イベントレポート:GEWELオープンフォーラム 2023

■開催概要

  • 開催日時:2023年12月17日(日)19:00~21:00(オンライン開催)

  • テーマ:”D&Iのキャズムってどう越える?”

「D&Iのキャズムとは何か?」

キャズム理論の紹介
D&I推進の5ステップ(理想形)
キャズムの原因(落とし穴)
乗り越えるために

  • 登壇者

小嶋 美代子(代表理事)
稲葉 哲治(理事)
山田 弘(副代表理事)
篠田 寛子(理事)
五十嵐 ゆり(理事)


1. 開会

GEWELが20年以上にわたって掲げてきた理念

「自分らしさと違いを活かしあう社会へ」

のもと、企業・地域社会へD&Iを広めてきた活動の歩みが紹介されました。


2. 既存理事による対談

「D&Iの変化とこれから」

● 小嶋 美代子(北海道)

  • GEWELの活動は、女性活躍から始まり、現在は社会全体の包摂へと拡大。

  • 欧米ではすでに「DE&I(Equity=公正)」が加わり、公平性への注目が進む。

  • 「アンコンシャス・バイアス」「心理的安全性」など、共通言語も広がった。

  • 今後の課題として、生成AIのジェンダーバイアスを懸念。

    人間のバイアスを拡張してしまうリスクがあり、D&Iの新たな壁になる可能性を指摘。

● 稲葉 哲治(東京)

  • 日本社会における課題として、「学ばなさ・変わらなさ」を強調。

    • コロナ禍を経ても働き方が元に戻り、変化が定着していない。

    • ジェンダーギャップ指数の改善が進まないのも「学びを止めている」ことの象徴。

  • しかしポジティブな変化もある。

    • サステナビリティを重視する企業がD&Iにも積極的。

    • 「ビジネスと人権」を意識する企業が増加。

    • 社会的責任と多様性の両輪を動かす動きが見られる。

● 山田 弘(神奈川)

  • 働き方・教育・リーダーシップの3点から変化を紹介。

    1. 働き方:男性育休の浸透により「性別役割分担」の意識変化が始まっている。

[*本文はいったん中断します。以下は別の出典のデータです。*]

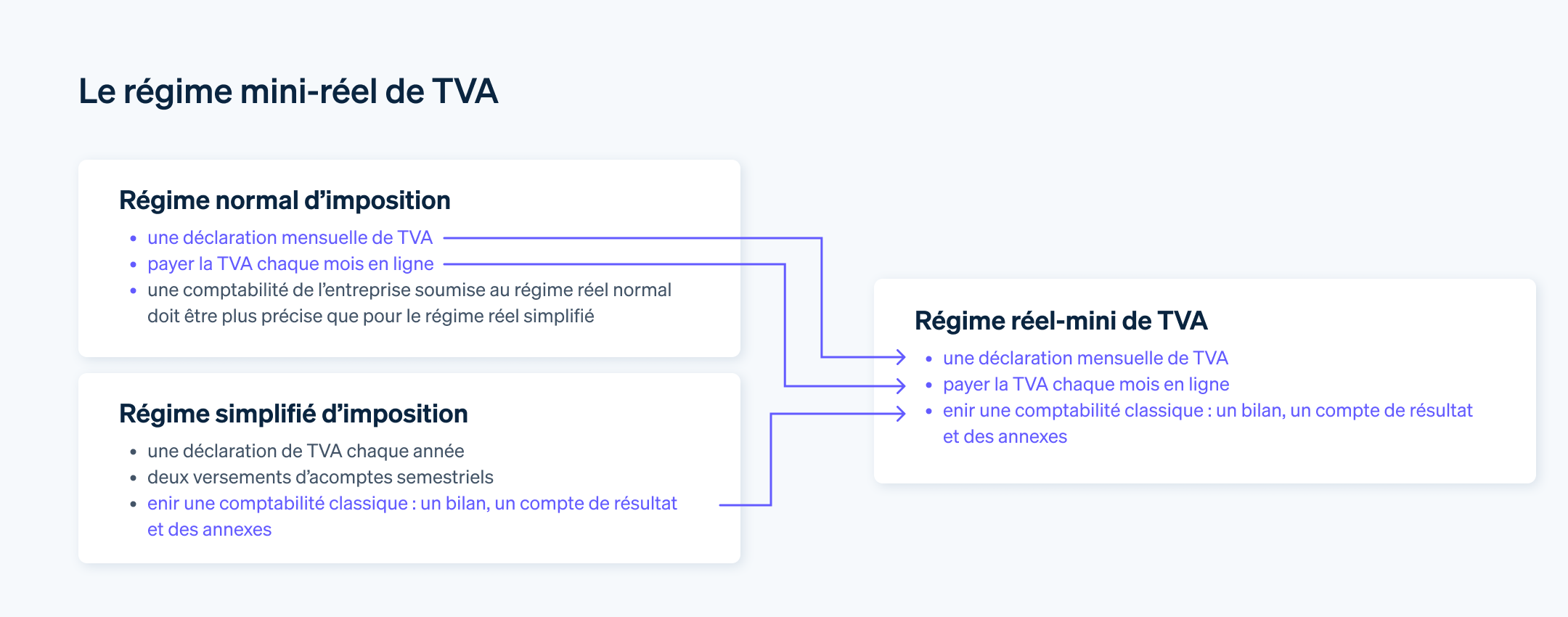 Le régime mini-réel de TVA - Le régime mini-réel de TVA mêle certains éléments des régimes simplifié et normal d'imposition.
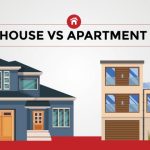 Choosing Between a House or an Apartment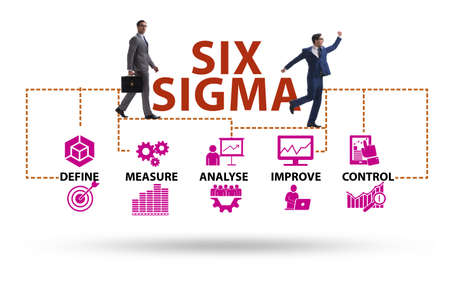 Concept of Lean management with six sigmaの写真素材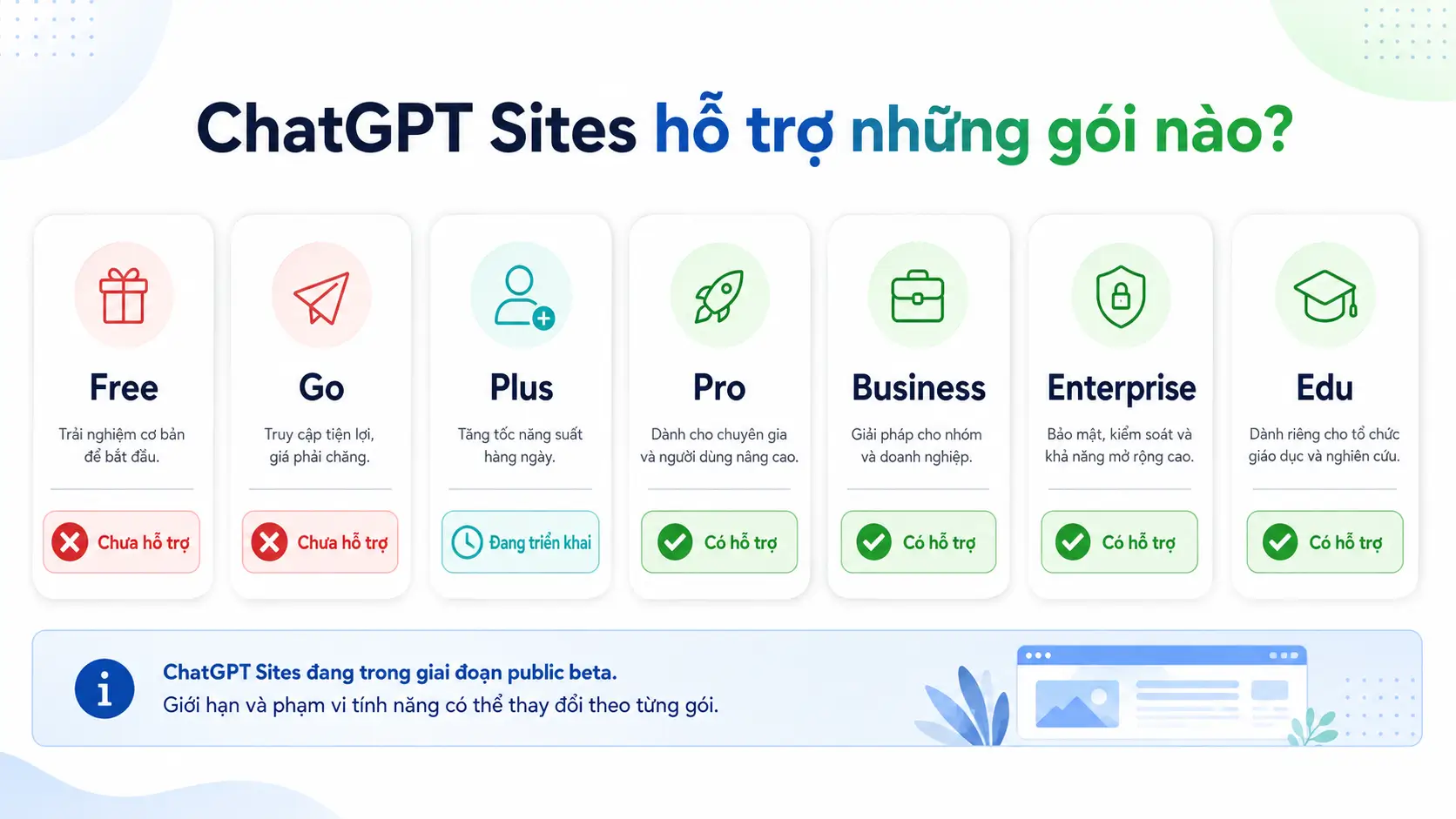 ChatGPT Sites hỗ trợ những gói nào?
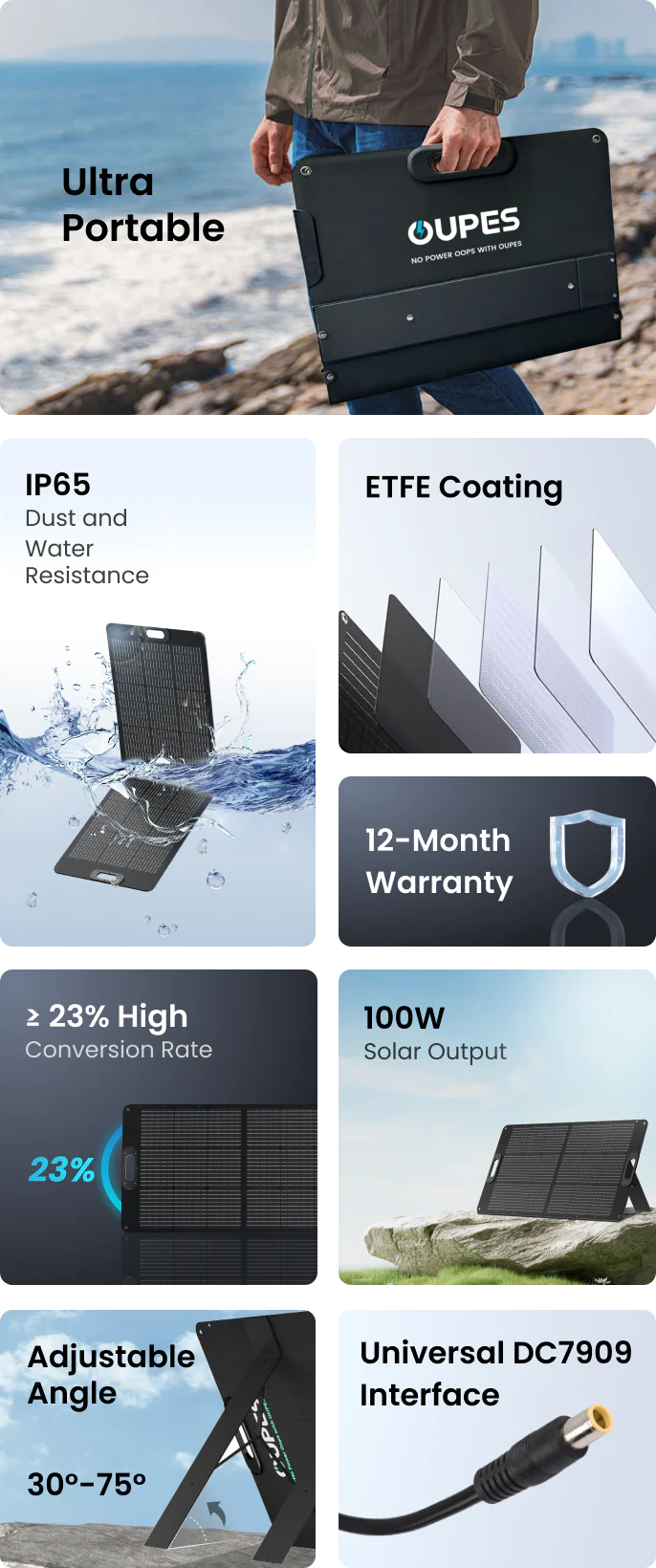 Panel solar portátil OUPES de 100 W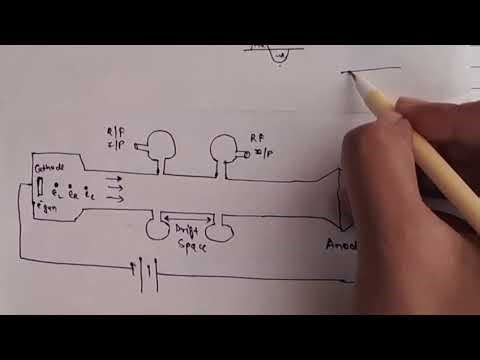 Two Cavity Klystron Amplifier: Basics, Structure, Working, Applications
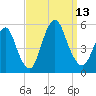 Norton Point tide chart for Saturday, September 13, 2025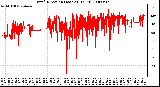 Milwaukee Weather Wind Direction (Last 24 Hours)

    2. 教育:不登校や個別最適化をめぐるオルタナティブ教育の広がり。

    3. リーダー像:「ボス」から「コーチ」への転換。

      部下を支配するのではなく、強みを伸ばす存在が求められる。

  • 映画『隣人X』やNHK Eテレの番組『虹クロ』など、

    社会の中で「多様性」を表現する文化的潮流が力強く広がっている。

● ディスカッション

  • 「学ばなさ」と「生成AIの偏り」は根っこが同じではないか――

    “既知のことしか学ばない”姿勢が共通している。

  • アンコンシャス・バイアスはなくならない。自覚し続ける力が重要。

  • D&Iの本質は「人だけの多様性」に留まらず、

    AI・動物・働き方など、**“人以外との共生”**にまで広がっている。


3. 新理事によるトーク

「D&Iに加えたい私の視点」

● 篠田 寛子(岐阜県)

  • 地方と中小企業の視点を重視。

  • 大企業・東京中心の“お手本モデル”に合わせるのではなく、

    **「地方ならではのD&I」「小規模だからこその柔軟性」**を活かすべき。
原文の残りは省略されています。